Dear Doctor, I am pregnant for the first time and I am so excited. I have received conflicting advice about when to start attending ante-natal clinics. Please advise. Jane
Supervised medical care in pregnancy, commonly referred to as ante-natal care, is a well-established practice. It is recommended for every pregnant woman regardless of their current health status or the number of previous pregnancies. Adherence to ante-natal care improves eventual outcomes for both the mother and her developing baby.

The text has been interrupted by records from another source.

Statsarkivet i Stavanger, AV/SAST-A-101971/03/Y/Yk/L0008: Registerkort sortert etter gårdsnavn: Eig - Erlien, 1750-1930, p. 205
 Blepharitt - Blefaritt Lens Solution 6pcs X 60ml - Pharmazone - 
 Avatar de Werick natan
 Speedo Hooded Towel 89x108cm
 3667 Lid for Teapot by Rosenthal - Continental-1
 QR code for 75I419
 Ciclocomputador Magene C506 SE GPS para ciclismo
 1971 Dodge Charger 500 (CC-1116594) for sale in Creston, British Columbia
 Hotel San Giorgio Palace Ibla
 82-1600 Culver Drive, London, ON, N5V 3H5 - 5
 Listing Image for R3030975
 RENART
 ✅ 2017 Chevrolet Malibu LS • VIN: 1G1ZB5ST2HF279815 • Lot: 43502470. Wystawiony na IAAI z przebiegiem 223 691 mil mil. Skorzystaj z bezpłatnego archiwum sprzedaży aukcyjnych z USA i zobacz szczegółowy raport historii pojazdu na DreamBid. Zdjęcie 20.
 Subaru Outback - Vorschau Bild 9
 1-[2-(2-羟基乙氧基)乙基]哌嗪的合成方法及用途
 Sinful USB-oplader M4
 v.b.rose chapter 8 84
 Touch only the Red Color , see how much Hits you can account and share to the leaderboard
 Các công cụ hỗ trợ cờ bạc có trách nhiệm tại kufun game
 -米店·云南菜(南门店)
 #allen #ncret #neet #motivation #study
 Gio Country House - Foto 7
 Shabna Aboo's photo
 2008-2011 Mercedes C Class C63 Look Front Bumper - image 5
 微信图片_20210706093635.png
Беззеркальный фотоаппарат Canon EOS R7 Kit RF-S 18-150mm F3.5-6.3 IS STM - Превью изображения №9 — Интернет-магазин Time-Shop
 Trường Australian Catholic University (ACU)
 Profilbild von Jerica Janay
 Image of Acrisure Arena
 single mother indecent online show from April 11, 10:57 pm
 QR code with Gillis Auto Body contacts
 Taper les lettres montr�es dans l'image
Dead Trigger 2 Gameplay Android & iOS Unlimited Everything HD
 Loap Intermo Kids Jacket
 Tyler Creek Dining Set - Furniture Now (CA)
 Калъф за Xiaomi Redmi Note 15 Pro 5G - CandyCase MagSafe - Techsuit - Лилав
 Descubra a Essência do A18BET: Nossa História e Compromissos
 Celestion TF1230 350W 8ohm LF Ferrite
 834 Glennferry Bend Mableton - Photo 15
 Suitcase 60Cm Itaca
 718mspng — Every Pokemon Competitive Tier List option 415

Once you confirm you are pregnant, you must take steps to ensure your pregnancy will be as smooth as possible. If not already on the recommended pregnancy supplements, you should start taking these immediately. Every pregnant woman is advised to take Folic Acid vitamin supplements, ideally prior to conceiving and up to the end of the first 12 weeks of pregnancy.
Folic Acid reduces the risk of some developmental abnormalities, and is readily available even without a prescription.
It is important to have a clue about the approximate duration of your pregnancy once you know you have conceived. Pregnancy is dated in weeks, counting from the first day of the last menstrual flow. Women with irregular periods may have unclear dates, but you will often have a clue as to when you might have conceived.
You should aim to commence ante-natal care around the eleven to the thirteenth week of pregnancy. At this point, the growing baby is well-developed to allow a detailed assessment of normality. Virtually every organ is formed by this point, allowing some developmental or genetic abnormalities to be detected. This is also the best time to accurately date your pregnancy, giving you the estimated date of delivery, usually abbreviated as EDD.
Early scans can be combined with additional testing to confirm or refute any suspected genetic abnormalities. Majority of babies will be normal. But if any baby is diagnosed with serious abnormalities, a discussion can be held about how to proceed. Some abnormalities may be incompatible with survival, necessitating termination of the pregnancy before it advances further.
You will also need a thorough evaluation and screening tests for your general health. The earlier this is done the better, again emphasising the need to start your ante-natal clinic visits early. If you are found to have certain risks, these can be remedied early enough. Planning for individualised care henceforth will also be done, in attempts to mitigate potential complications as the pregnancy advances.
Is there any point in being seen earlier than the eleventh to the thirteenth week? If you have had a healthy pre-conception period, and haven’t experienced any unusual symptoms, there isn’t much reason to be seen earlier.
Conversely, starting attending ante-natal clinics well beyond the 13th week is not advisable. You will miss out on many potential interventions that may have a positive impact on your pregnancy.